Figure 2a shows the spectrum of the light source captured by this OCT system. The calculated spectral resolution was 0.024 nm, corresponding to a detectable depth range of 7.3 mm in air. Figure 2b shows a zoomed point spread function, measured at z = 0.52 mm (z, imaging depth). The calculated axial resolution of the OCT system for 2048 pixels was 10.4 μm in air and ∼7.5 μm in tissue. The A-line (depth scan) rate of the OCT system was set at 24 kHz. Under these operating conditions, the sensitivity was about 107 dB near the zero-delay plane. Figure 2c shows the measured loss of sensitivity versus the imaging depth z. The sensitivity gradually becomes reduced to 97 dB at the imaging depth of 5 mm. The image width and number of A-scans in each B-scan were adjustable but set to a width of 18 mm and 2048 pixels for ocular surface imaging.

Fig. 2

(a) Spectrum of the light source captured by the spectrometer of the SD-OCT system. (b) Point spread function of the axial resolution according to the spectrum full bandwidth the spectrometer detected. The measured axial resolution was 10.4 μm in air. (c) Measured sensitivity roll off versus the imaging depth. The sensitivity was obtained with a partial reflector with −40 dB reflectivity and all the curves were obtained by averaging over 100 consecutive measurements.

056007_1_2.jpg

A telecentric-designed optical scanning probe (sample arm) allowing a scan width up to 20 mm was mounted on a modified slit lamp with a video camera for aiming. Customized software was developed to simultaneously control the horizontal and vertical scans, and the images were simultaneously viewed in the operation window of the instrument (inset of Fig. 1). X-Y cross aiming allowed alignment of the scanning position through the iris and corneal apex during imaging. An internal fixation target controlled by a computer was displayed on a miniature liquid crystal display monitor. Moving this internal fixation target guided the subject's eye to fix at one direction.

2.2.

Experiment

We performed three experiments with the extended scan depth SD-OCT to evaluate the accuracy and repeatability of the technique to measure the ocular shape. In vitro samples included a mirror with a flat optical surface and a custom-made bicurved test surface. Eight subjects (8 eyes) were recruited for in vivo measurements. The study was approved by the review board at the University of Miami and adhered to the tenets set forth in the Declaration of Helsinki. Informed consent was obtained from each subject. All in vitro samples and in vivo human eyes were imaged with the 18 mm scan width.
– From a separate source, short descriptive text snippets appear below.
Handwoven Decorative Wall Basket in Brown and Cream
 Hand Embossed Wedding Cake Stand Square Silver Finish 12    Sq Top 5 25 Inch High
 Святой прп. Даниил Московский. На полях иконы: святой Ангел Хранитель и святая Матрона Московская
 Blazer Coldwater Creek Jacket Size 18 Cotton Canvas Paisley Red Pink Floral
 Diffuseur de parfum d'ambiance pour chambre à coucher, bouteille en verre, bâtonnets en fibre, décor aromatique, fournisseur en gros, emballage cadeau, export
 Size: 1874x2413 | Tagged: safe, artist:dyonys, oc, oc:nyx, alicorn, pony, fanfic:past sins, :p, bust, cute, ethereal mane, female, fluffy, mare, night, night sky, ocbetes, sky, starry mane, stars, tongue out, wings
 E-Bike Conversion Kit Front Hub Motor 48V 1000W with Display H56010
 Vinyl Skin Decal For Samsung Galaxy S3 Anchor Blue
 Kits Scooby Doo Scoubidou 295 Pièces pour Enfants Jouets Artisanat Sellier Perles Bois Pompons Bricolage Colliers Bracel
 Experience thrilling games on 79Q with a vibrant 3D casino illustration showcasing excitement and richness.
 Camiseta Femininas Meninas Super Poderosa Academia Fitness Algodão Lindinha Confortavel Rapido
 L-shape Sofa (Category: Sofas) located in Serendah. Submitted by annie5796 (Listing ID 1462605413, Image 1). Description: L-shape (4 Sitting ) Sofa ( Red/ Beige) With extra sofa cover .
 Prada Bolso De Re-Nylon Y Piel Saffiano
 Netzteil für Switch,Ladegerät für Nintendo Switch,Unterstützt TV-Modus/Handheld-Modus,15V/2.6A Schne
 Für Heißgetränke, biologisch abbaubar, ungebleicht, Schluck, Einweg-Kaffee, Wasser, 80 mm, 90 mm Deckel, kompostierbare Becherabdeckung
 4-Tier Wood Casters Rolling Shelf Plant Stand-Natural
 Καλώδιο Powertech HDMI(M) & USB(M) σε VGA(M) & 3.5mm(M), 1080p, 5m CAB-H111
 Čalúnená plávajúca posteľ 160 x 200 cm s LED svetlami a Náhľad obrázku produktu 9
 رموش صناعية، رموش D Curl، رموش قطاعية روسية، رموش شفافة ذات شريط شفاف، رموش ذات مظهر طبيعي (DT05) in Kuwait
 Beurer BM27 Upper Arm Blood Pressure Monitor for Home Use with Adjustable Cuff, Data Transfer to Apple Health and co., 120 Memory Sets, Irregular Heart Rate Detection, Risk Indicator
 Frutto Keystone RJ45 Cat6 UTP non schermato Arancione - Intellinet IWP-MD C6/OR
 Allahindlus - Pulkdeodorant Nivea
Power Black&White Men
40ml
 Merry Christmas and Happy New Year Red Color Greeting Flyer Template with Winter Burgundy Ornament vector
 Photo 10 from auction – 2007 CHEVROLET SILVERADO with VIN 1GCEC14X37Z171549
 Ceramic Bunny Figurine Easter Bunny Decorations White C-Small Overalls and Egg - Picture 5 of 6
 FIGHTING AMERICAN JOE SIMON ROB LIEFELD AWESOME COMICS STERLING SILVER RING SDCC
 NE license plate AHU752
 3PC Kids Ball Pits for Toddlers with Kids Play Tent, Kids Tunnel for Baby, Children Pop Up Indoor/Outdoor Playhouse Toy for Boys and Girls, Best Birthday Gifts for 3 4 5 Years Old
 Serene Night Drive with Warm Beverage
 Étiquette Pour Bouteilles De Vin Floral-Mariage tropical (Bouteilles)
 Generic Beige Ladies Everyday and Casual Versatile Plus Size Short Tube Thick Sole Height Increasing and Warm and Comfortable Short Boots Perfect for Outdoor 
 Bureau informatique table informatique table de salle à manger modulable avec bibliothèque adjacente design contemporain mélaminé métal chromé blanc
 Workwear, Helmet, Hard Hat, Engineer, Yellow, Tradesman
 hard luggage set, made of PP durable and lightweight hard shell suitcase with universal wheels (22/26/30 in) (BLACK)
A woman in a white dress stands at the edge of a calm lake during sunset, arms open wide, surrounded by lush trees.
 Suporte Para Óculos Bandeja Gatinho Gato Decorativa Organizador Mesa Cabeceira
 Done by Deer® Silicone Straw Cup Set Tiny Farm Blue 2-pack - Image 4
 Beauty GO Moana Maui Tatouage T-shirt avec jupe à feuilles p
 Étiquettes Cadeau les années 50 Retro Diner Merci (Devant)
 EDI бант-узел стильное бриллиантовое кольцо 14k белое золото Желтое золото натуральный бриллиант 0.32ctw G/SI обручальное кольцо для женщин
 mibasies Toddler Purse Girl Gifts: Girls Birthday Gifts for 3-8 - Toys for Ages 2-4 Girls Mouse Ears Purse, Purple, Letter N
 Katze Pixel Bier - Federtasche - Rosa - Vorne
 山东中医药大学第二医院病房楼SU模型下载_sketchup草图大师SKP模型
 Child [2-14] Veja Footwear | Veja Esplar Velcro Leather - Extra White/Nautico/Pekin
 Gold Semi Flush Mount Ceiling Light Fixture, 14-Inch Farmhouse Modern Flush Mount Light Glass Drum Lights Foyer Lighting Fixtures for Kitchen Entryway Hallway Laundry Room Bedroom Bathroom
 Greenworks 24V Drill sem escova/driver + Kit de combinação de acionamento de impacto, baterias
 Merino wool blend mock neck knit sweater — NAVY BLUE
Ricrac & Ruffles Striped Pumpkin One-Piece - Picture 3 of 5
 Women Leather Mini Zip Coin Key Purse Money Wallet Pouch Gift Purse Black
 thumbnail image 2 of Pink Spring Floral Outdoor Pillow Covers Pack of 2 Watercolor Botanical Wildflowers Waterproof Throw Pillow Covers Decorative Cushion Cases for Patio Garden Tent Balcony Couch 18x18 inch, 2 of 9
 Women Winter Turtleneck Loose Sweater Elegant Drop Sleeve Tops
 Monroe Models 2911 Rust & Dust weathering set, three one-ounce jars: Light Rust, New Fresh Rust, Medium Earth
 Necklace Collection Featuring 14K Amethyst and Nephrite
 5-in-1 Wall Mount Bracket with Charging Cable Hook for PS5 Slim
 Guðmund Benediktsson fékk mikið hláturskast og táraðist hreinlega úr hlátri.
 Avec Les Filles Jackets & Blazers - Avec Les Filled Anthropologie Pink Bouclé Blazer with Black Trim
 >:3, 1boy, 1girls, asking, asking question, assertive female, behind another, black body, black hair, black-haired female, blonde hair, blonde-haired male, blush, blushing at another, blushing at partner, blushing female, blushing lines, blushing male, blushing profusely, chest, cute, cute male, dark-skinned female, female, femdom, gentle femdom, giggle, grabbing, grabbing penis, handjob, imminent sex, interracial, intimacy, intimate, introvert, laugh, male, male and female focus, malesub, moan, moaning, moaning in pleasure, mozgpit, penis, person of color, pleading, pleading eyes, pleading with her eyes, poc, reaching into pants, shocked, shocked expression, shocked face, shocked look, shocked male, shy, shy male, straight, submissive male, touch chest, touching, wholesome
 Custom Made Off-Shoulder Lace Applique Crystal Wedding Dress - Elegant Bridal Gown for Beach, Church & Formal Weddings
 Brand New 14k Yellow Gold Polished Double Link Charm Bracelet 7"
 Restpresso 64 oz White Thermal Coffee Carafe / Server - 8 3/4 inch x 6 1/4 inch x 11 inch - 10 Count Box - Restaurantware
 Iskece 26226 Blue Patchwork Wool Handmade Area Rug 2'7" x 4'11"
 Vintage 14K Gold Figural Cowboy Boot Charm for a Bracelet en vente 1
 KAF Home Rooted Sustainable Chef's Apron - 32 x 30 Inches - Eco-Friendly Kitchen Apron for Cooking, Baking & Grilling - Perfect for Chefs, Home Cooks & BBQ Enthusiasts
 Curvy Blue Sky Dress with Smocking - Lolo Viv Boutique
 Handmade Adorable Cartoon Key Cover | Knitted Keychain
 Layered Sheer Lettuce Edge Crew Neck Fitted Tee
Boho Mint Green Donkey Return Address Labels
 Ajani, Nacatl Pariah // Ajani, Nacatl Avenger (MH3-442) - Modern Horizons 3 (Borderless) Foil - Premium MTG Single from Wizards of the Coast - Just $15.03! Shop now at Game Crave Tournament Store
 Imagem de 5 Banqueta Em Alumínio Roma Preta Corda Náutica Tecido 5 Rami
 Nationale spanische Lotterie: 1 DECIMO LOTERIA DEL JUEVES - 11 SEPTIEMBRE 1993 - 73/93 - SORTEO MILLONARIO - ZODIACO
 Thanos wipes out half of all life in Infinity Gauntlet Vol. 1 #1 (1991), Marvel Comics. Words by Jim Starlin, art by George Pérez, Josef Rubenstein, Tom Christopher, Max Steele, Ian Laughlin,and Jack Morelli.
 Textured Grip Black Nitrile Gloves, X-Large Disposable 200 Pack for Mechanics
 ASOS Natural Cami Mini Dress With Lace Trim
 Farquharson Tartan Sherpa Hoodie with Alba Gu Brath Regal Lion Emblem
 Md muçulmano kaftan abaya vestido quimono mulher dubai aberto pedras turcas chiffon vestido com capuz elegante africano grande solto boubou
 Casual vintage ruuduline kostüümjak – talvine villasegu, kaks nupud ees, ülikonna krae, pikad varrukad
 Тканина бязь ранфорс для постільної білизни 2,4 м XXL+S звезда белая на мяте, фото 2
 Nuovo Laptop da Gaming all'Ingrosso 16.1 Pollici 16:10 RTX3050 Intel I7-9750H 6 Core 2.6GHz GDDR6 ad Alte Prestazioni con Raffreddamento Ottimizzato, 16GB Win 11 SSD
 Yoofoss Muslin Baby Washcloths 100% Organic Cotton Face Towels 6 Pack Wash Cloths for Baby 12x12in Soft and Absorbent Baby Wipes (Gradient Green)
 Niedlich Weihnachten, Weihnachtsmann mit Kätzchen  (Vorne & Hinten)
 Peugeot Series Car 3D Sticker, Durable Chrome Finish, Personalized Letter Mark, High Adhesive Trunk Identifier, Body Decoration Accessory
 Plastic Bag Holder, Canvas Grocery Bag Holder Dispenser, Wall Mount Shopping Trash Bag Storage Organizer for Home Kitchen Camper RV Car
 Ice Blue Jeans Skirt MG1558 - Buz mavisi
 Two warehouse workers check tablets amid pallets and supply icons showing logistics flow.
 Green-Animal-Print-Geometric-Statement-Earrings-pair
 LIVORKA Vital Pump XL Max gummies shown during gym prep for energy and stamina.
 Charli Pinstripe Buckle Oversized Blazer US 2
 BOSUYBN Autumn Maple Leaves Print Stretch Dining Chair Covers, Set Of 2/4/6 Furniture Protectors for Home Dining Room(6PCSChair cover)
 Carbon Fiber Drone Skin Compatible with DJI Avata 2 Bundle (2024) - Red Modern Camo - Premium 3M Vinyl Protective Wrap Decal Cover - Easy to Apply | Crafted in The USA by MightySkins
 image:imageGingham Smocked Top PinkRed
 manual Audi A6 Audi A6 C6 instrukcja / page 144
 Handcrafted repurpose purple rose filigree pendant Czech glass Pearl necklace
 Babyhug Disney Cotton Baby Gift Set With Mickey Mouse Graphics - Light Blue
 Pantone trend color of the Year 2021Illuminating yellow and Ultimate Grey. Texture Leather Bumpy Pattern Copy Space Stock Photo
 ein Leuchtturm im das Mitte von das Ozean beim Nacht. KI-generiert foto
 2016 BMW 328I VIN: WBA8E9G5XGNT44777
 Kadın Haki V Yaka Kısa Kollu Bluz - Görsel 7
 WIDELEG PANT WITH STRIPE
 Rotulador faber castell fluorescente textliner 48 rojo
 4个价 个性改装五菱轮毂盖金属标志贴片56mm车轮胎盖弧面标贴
The scanning system of the probe was calibrated by imaging a mirror with a flat optical surface. The accuracy was tested on a custom-made 18-mm diameter, bicurved test surface that simulated the ocular surface shape in which the corneal and scleral curvatures are different from one another. The central 10-mm region was steeply curved (radius = 8.1 mm), and then it quickly transitioned to a flatter peripheral curvature (radius = 12.0 mm). A Talysurf instrument with a resolution of 16 nm (Taylor Hobson Inc., Rolling Meadows, Illinois) was used to accurately quantify the height profile of the test surface. The measurements taken by the SD-OCT instrument after correction for fan distortion were then compared with the results from the Talysurf.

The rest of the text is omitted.